Volume of Information
Finally, the volume of available information is large and continually changing. Therefore, extracting information about references to entities from a plurality of electronic documents would need to be automated. Manual training, setup, and refinement may be used, but regular, repeated processing must be automatic, requiring no manual intervention. The large volume of new and unstructured electronic documents being produced via computer systems demands an automated approach. Credible estimates of global information production (in the form of electronic documents) commonly conclude that the production of accessible electronic information in electronic documents now far outstrips manual methods of reading and tracking the information in the documents. For example, the Internet provides access to over 8 billion pages, or electronic documents, of information, and an estimated 50+ million new pages of information daily. Also, some news and trade journal services provide access to approximately 100,000 new electronic documents every week. Such services provide access not only to official or corporate sources but also to personal on-line journals (i.e., blogs), personal web pages on the Web, and on-line discussion forums. As a result, accessible electronic information now reflects social and political trends, consumer interests, reactions to products, and company reputation. In addition, since many consumers use the Internet doing product research, the information on the Internet becomes, for some consumers, the most influential source of product information, regardless of the accuracy of the information.
Prior Art Systems
Currently, prior art methods and systems of extracting information about references to entities from a plurality of electronic documents fail to address this need and fail to meet these challenges. Several prior art systems include systems offered by Intelliseek, Inc. (Please see http://www.intelliseek.com.) and ClearForest Corporation (Please see http://www.clearforest.com.). In a first prior art system, as shown in prior art
Therefore, a method and system of extracting information about references to entities from a plurality of electronic documents is needed.

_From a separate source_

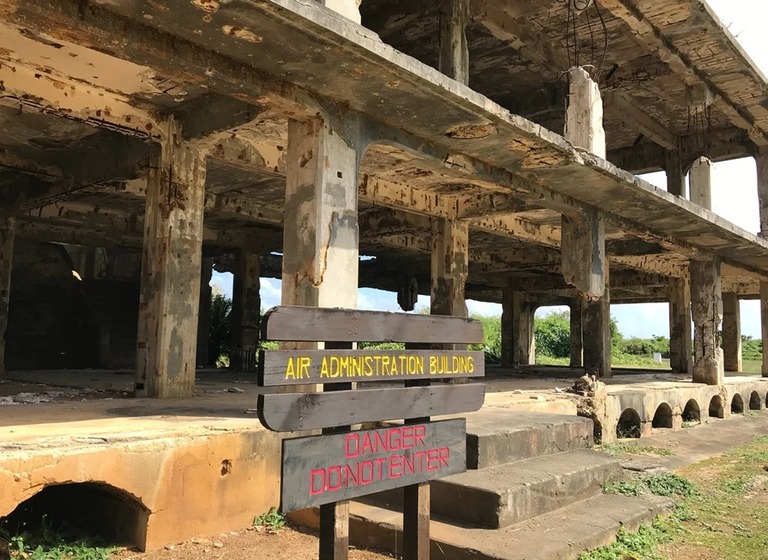 テニアン島の北部にある飛行場の廃虚となった建物。第２次世界大戦中に使用されていた＝２０２０年１月/Brad Lendon/CNN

SUMMARY OF THE INVENTIONThe present invention provides a method and system of extracting information about references to entities from a plurality of electronic documents. In an exemplary embodiment, the method and system include (1) applying at least one document quality measure to each of the plurality of electronic documents, (2) recognizing the references to entities in the plurality of electronic documents, (3) using at least one reference quality measure for each of the references to entities, (4) computing at least one topical category associated with each of the references to entities, (5) finding at least one co-occurring term associated with each of the references to entities, and (6) characterizing each of the references to entities by at least one characteristic category.
In an exemplary embodiment, the applying includes assigning at least one quality score to each of the plurality of electronic documents. In a specific embodiment, the assigning includes assigning the quality score based on the source of the electronic document. In a specific embodiment, the assigning includes assigning the quality score based on the amount of text in the electronic document. In a specific embodiment, the assigning includes assigning the quality score based on whether the electronic document is a duplicate of other electronic documents in the plurality of electronic documents. In a specific embodiment, the assigning includes assigning the quality score based on whether the electronic document is a near duplicate of other electronic documents in the plurality of electronic documents. In a specific embodiment, the assigning includes assigning the quality score based on whether the electronic document contains unwanted text.

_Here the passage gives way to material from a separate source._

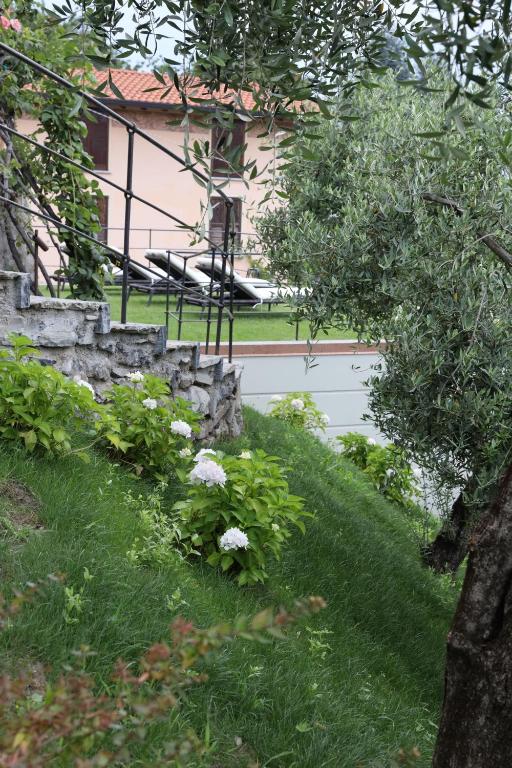 Vonkajšia záhrada v ubytovaní Villa Mojana Bellagio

In a specific embodiment, the assigning includes assigning the quality score based on the rank of the electronic document, where the rank is selected from the group consisting of pagerank, hostrank, and eyeball count. In a further embodiment, the assigning includes, if the quality score of the electronic document is less than a threshold, eliminating the electronic document.
In an exemplary embodiment, the recognizing includes identifying candidate references to entities in the plurality of electronic documents from a set of entity names. In a specific embodiment, the identifying includes identifying the candidate references to entities by an identifying technique, wherein the identifying technique is selected from the group consisting of direct spotting, index-based retrieval, and named entity recognition. In a further embodiment, the identifying further includes disambiguating the candidate references to entities, thereby identifying the references to entities.

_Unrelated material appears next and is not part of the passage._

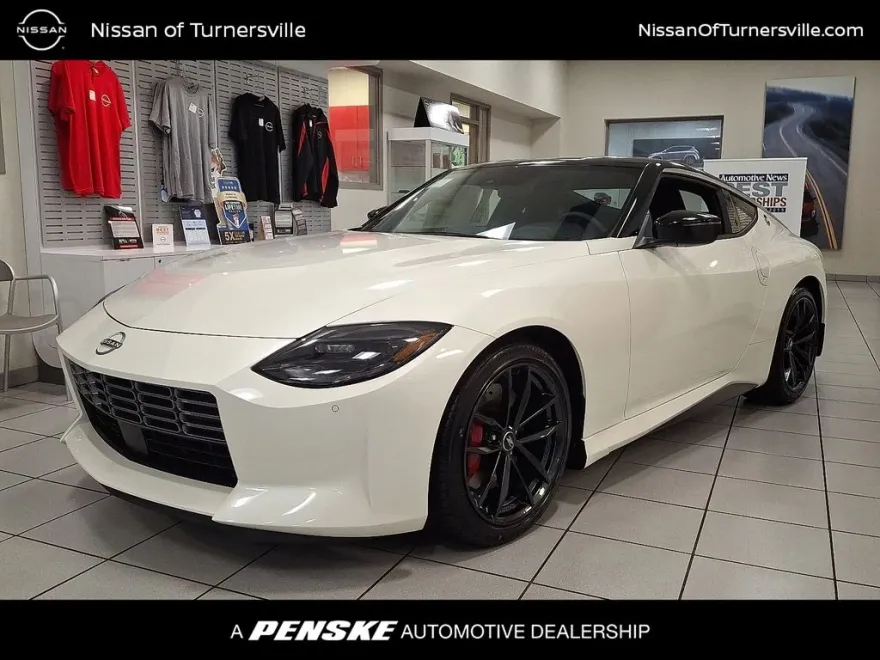2025 Nissan Z Performance photo 1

In an exemplary embodiment, the using includes assigning at least one quality score to each of the references to entities. In a specific embodiment, the assigning includes assigning the quality score based on whether the snippet of text in which the reference to entities occurs is unique. In a specific embodiment, the assigning includes assigning the quality score based on the running text quality of the reference to entities. In a specific embodiment, the assigning includes assigning the quality score based on whether the snippet of text in which the reference to entities occurs can be parsed by natural language parsing to yield a subject and a verb. In a specific embodiment, the assigning includes assigning the quality score based on whether the snippet of text in which the reference to entities occurs can be parsed by natural language parsing to yield a valid sentence. In a specific embodiment, the assigning includes assigning the quality score based on whether the snippet of text in which the reference to entities occurs satisfies a set of heuristic rules based on the textual properties of the snippet.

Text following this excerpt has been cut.